もっとも、新型スープラにまつわる数値で、現時点で明らかになっているものがひとつだけある。それは86に続いてスープラでも開発責任者をつとめる多田哲哉氏が「(昨年3月の)ジュネーブショーで思わずしゃべっちゃった」と笑うホイールベースだ。スープラのそれは2470mm。ご想像のとおりZ4と同寸である。

このことからも分かるように、新型Z4とスープラは基本ハードウェアを共用する。実際の基本設計作業や生産技術の開発はBMWが担当。生産は2台ともオーストリアのマグナ・シュタイア社に委託される。

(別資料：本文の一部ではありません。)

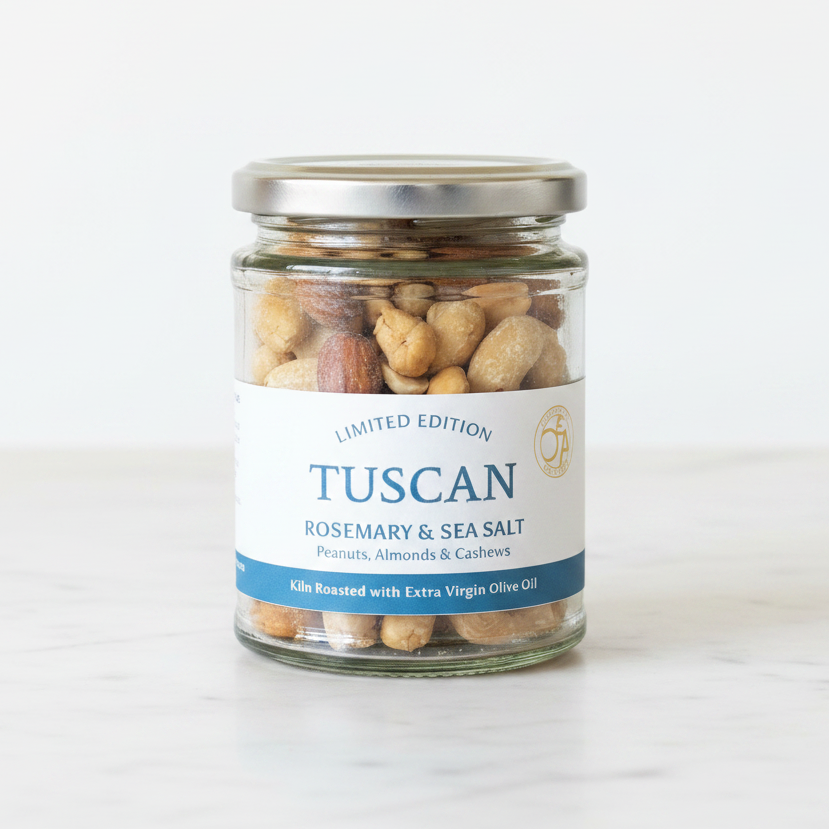 Jar of Tuscan roasted nuts with a label on a white background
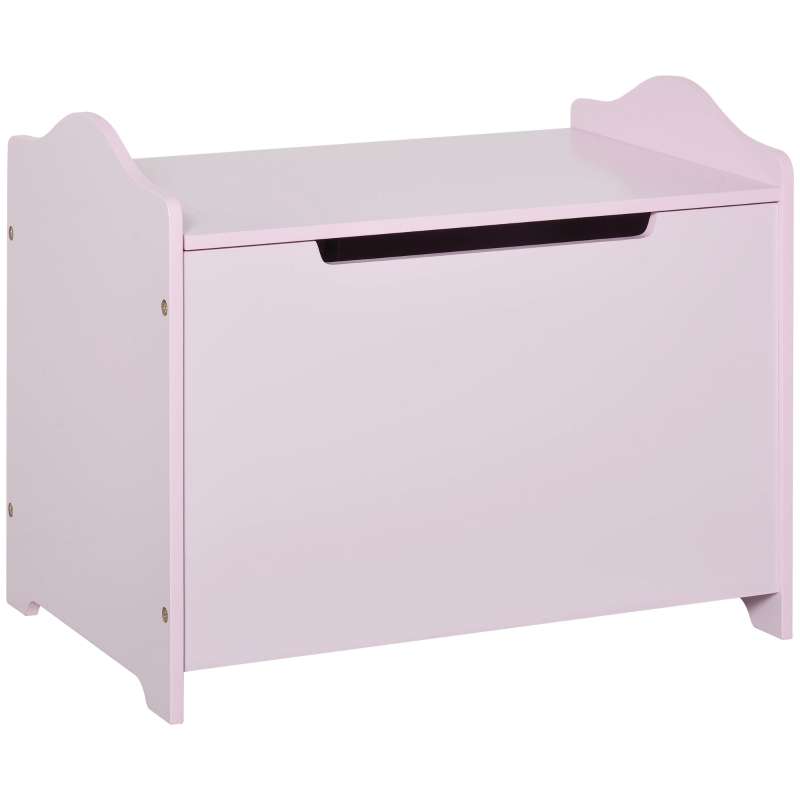 HOMCOM Wooden Kids Toy Box Children Storage Organizer Chest Safety Hinge  Furniture Pink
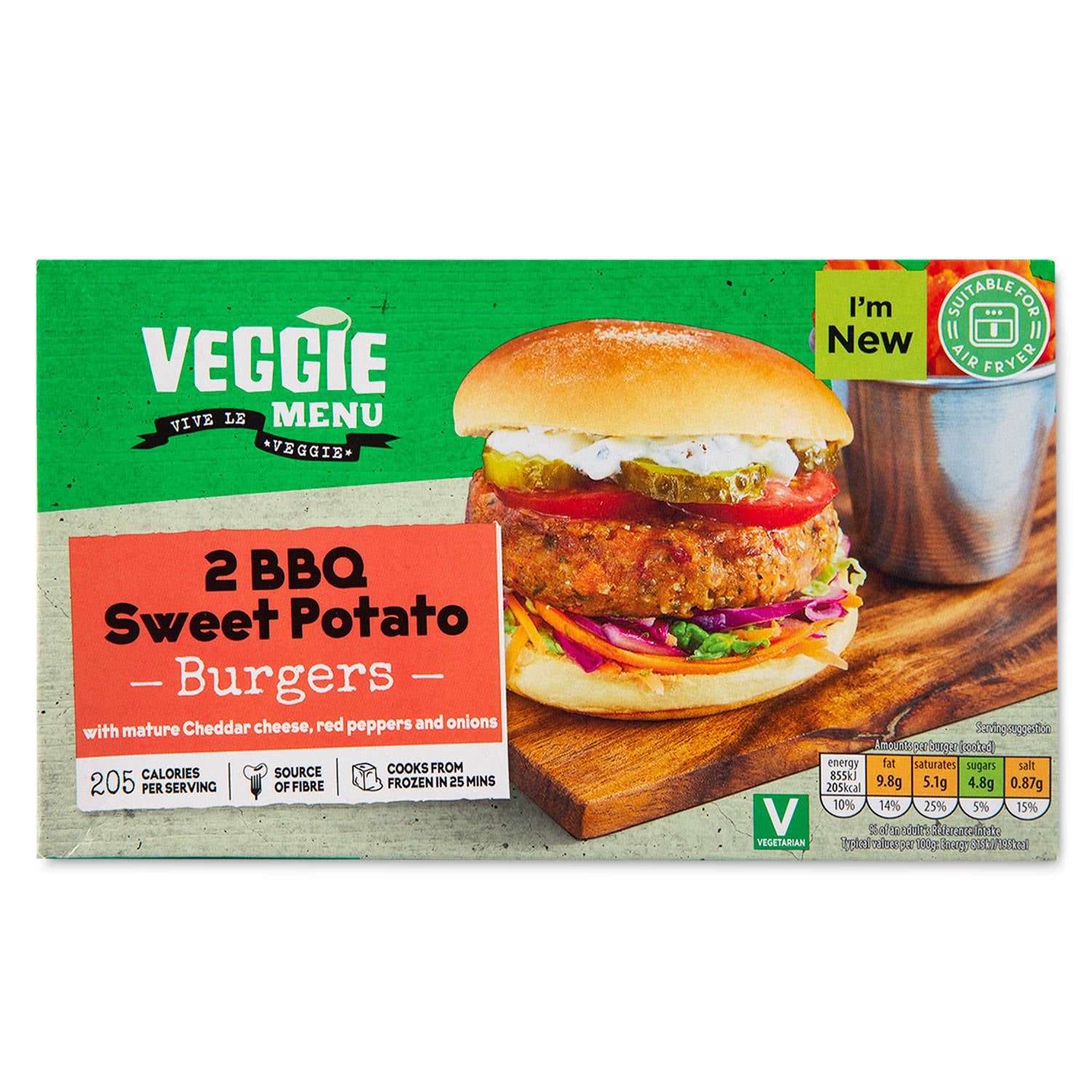 BBQ sweet potato burgers 2 pack, imported from the UK
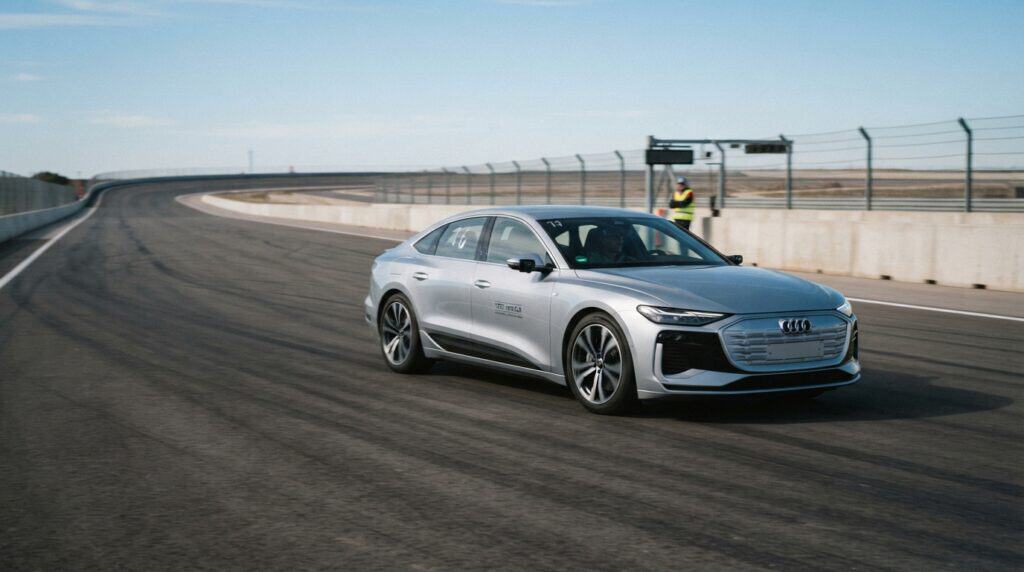 Audi A6 e-tron Tek Şarjla 1.338 Kilometre Yol Kat ederek Menzil Rekoru Kırdı 2 Audi A6 e-tron, yarış pistinde virajı dönüyor.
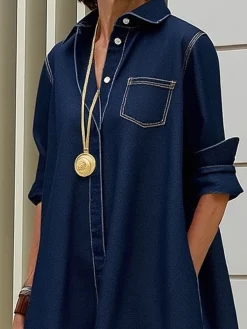 Urban Plain Shirt Collar Knee Length Denim Dress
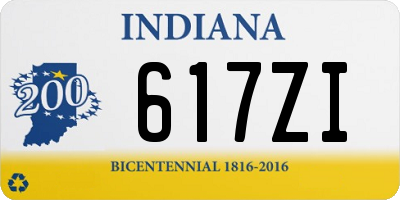 IN license plate 617ZI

見るかぎりボディパネルはすべてスープラ専用だし、室内のカムフラージュ用黒幕からのぞくダッシュボードも写真で見るZ4とは別物だ。事実、多田氏も「内外装デザインはすべてスープラ専用」と語っている。この点はバンパーやランプ類その他、細部部品のみの差別化にとどまる86/BRZと大きく異なる。まあ、そもそもZ4が電動格納ハードトップのロードスターなのに対して、スープラはクーペというボディ形式からしてちがうが……。

記事に関わった人々

  • 佐野弘宗

    Hiromune Sano

    1968年生まれ。大学卒業後、ネコ・パブリッシング入社。カー・マガジン等で編集作業に携わるうちに3年遅れで入社してきた後藤比東至と運命的な出逢いを果たす。97年、2人でモンキープロダクションを設立するべく独立。現在はモータージャーナリストとして「週刊プレイボーイ」「AUTOCAR JAPAN」「○○のすべてシリーズ」他、多数の雑誌、ウェブ等で活躍中。
  • 前田惠介

    Keisuke Maeda

    1962年生まれ。はじめて買ったクルマは、ジムニーSJ30F。自動車メーカーのカタログを撮影する会社に5年間勤務。スタジオ撮影のノウハウを会得後独立。自動車関連の撮影のほか、現在、湘南で地元密着型の写真館を営業中。今の愛車はスズキ・ジムニー(JB23)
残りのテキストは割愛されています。